Exercise objective:
Give back exactly the lines that run from the beginning of the entries to the line containing "Audi Q5L FY", both included, and nothing else.

Material provided:
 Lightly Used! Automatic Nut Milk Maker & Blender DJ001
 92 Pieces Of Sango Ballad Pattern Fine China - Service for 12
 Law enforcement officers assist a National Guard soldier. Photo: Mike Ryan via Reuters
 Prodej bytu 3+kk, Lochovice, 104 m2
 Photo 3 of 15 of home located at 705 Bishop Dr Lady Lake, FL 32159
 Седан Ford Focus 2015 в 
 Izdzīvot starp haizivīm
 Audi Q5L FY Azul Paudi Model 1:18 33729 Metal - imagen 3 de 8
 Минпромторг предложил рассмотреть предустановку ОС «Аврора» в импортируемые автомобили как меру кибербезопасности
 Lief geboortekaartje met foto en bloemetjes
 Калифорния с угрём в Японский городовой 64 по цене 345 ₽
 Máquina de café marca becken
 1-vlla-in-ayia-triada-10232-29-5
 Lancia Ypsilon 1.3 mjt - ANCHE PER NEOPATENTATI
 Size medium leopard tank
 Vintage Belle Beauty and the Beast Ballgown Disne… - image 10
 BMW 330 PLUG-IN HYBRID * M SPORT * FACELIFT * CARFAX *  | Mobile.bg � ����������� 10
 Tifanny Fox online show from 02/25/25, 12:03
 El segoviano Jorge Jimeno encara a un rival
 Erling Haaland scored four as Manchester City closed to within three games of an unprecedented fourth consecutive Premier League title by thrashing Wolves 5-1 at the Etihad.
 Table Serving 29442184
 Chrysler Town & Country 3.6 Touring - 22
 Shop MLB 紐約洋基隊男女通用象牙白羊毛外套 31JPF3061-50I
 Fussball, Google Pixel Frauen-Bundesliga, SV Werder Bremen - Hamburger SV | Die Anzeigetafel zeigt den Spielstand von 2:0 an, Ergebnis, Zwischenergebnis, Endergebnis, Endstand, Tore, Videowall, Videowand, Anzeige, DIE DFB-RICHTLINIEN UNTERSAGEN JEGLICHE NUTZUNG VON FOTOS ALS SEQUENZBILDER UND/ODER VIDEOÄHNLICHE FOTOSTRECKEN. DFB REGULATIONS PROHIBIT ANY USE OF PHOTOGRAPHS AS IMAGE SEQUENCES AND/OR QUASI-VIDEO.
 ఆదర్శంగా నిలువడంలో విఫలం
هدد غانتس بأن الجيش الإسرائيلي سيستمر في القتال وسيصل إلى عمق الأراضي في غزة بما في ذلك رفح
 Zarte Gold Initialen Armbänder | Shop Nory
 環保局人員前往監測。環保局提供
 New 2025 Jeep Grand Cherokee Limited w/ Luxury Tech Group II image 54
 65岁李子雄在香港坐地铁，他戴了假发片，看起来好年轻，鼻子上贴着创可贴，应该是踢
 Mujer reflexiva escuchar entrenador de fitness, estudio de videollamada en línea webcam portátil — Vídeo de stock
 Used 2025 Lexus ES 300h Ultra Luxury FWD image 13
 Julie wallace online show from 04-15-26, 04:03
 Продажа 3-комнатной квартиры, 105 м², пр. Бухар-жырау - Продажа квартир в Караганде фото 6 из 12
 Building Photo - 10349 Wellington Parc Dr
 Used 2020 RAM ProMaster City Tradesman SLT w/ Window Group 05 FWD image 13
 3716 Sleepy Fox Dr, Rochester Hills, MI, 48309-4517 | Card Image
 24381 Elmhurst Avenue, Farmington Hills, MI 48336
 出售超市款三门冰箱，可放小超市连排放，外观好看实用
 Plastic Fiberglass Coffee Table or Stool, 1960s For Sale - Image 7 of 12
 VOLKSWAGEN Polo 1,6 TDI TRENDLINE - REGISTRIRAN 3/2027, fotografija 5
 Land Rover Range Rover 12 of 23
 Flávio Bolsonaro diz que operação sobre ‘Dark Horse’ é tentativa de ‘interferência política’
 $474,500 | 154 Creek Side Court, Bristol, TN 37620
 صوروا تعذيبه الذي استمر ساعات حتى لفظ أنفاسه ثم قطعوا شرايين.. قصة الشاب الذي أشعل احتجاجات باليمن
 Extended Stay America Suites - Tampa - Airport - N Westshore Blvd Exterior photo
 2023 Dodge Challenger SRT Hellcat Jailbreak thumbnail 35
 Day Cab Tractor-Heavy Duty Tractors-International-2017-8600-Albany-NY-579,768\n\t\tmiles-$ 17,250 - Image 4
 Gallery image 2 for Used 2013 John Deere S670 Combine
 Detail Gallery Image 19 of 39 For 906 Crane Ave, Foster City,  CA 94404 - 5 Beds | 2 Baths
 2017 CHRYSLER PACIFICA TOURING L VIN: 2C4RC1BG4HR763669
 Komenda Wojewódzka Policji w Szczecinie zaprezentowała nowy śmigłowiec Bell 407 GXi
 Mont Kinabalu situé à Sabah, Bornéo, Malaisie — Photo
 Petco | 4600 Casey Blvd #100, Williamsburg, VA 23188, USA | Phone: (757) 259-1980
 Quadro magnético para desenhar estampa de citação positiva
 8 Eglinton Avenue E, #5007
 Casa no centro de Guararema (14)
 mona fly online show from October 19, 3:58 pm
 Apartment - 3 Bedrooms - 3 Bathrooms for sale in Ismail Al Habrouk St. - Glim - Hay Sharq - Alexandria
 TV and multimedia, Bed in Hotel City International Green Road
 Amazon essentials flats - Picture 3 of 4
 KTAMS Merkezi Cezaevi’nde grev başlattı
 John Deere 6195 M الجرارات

Expected answer:
 Lightly Used! Automatic Nut Milk Maker & Blender DJ001
 92 Pieces Of Sango Ballad Pattern Fine China - Service for 12
 Law enforcement officers assist a National Guard soldier. Photo: Mike Ryan via Reuters
 Prodej bytu 3+kk, Lochovice, 104 m2
 Photo 3 of 15 of home located at 705 Bishop Dr Lady Lake, FL 32159
 Седан Ford Focus 2015 в 
 Izdzīvot starp haizivīm
 Audi Q5L FY Azul Paudi Model 1:18 33729 Metal - imagen 3 de 8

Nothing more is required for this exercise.